While educating students about the business of photography, Rosa said the school’s faculty and administrators also spend a substantial amount of time educating potential students and the public about the school’s mission and its curriculum.

 “We spend a lot of time explaining how different it is,” he said, noting, however, that even as a career in photography evolves at the same brisk pace as other technologically-based industries, the educational model at the Hallmark Institute has not changed very much since its early days.

“Careers have changed, and how photographers arrive at the end product has certainly changed,” he explained, “but the core curriculum has really stayed the same.

“We’ve always had marketing and sales classes, but I’d say there’s 10 times more content in those courses than ever before,” he added. “Once, our students left not knowing how to design a self-promotional piece, but still left prepared. Now, they absolutely need that.”

 McClish added that the Internet has also played a key role in that gradual augmentation of courses.

 “Thirty years ago, no one imagined anything as exciting and scary as the World Wide Web,” he said. “But by staying true to our mission, we’re able to evolve to meet changing needs.
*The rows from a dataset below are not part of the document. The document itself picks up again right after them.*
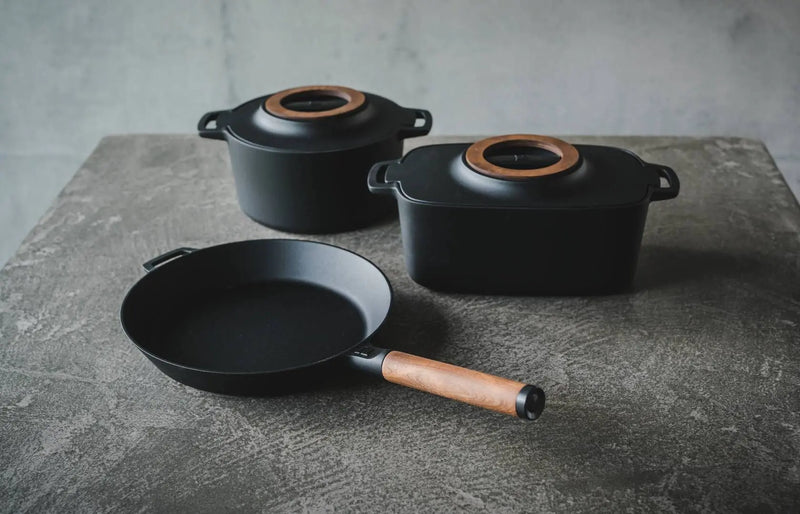 Чугунен съд за печене Fiskars Norden, 5L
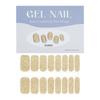Thin Lamp Style Gel Nail Sticker 16-finger Extended Semi-curing Nail Sticker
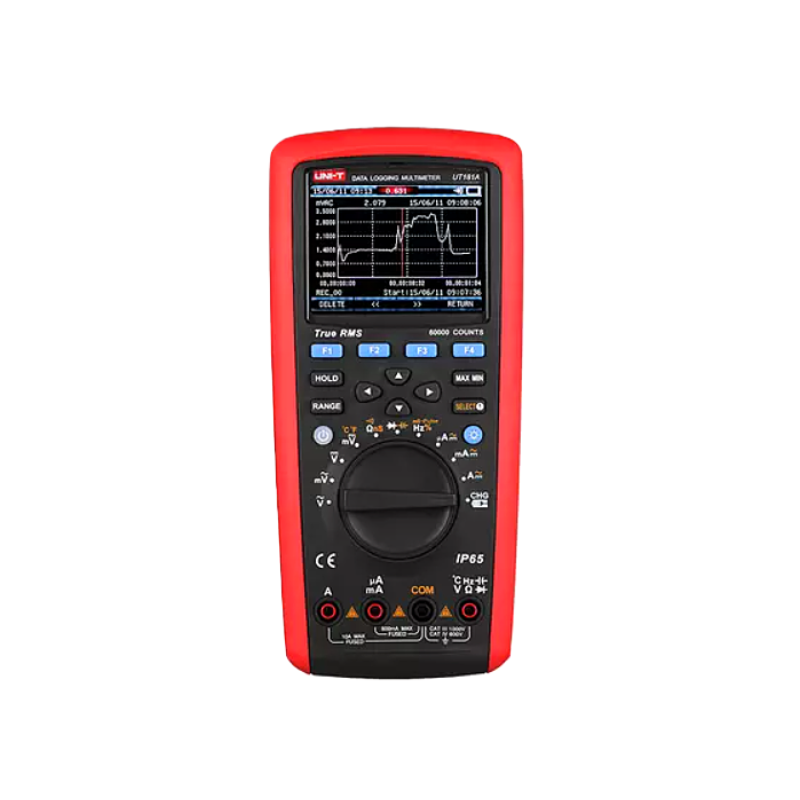 Мультиметр цифровой UNI-T UT181A (918626)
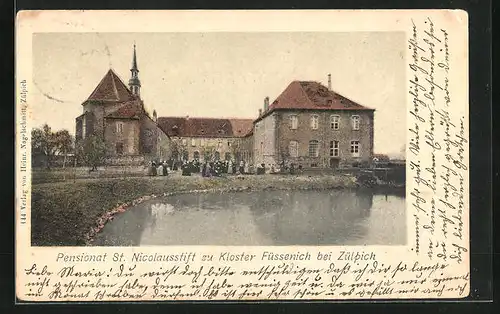 AK Füssenich, Pensionat St. Nikolausstift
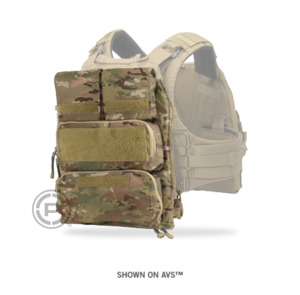 Nz Gst Exempt: Crye Precision Pouch Zip-On Panel 2.0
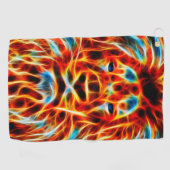 Serviette De Golf Lion (Horizontal)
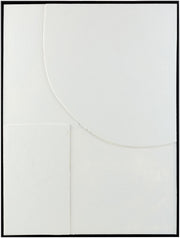 Concrete Framed Art CONC-003 - 48"H x 36"W x 2"D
Today, our students need to design their own Web site.”

 Keeping up with technology is a challenge for Hallmark, which subsists entirely on revenue from tuition.

But in order to stay ahead of major industry trends, Rosa said the school continuously makes major investments in equipment for its students, including the purchase in 2006 of 250 Leaf Aptus digital camera backs, which are placed on high-end, medium-format cameras. At $6 million, it’s been called the largest acquisition of such equipment ever.

 “We’re at the forefront of digital photography now,” said Rosa. “We made some mistakes early on, but those were necessary for our students and faculty to understand just how large the challenges of this new medium were going to be.”

 Indeed, the most notable sign of the times at Hallmark was the elimination of its darkrooms not long ago. Students still shoot with film and digital media, but Ayotte said removing the black and white darkrooms to make way for more advanced classrooms was simply a manifestation of the direction in which all photography is headed, and not an attempt to be trendy.

 “Our job is not to teach the latest and greatest just because it’s cool,” he stressed. “It’s to educate our students on every aspect of photography that we know of so when they leave here, many doors are open to them.”

Entrepreneurship and Art, 101

As technology becomes a greater force at Hallmark, its students are graduating with a certificate of completion that qualifies them for a myriad of careers in the visual arts; it’s also a piece of paper that has grown to include a substantial amount of weight within the photography, graphic design, and entertainment communities.

“People come here wanting to be photographers,” said Rosa, “and many leave to open their own small businesses. Others take great positions with other photography outfits, and still others leave prepared for jobs they never gave a thought to before — like being a set designer for Law & Order: Criminal Intent, or a production assistant on America’s Next Top Model.

 “I think that’s because while they’re here,” he continued, “they realize it wasn’t just the camera they were attracted to. It’s the discipline and the knowledge of all things visual.”

And vision, which honors the past and the present but prepares for the future, is likely the most valuable aspect of Hallmark’s lesson plan.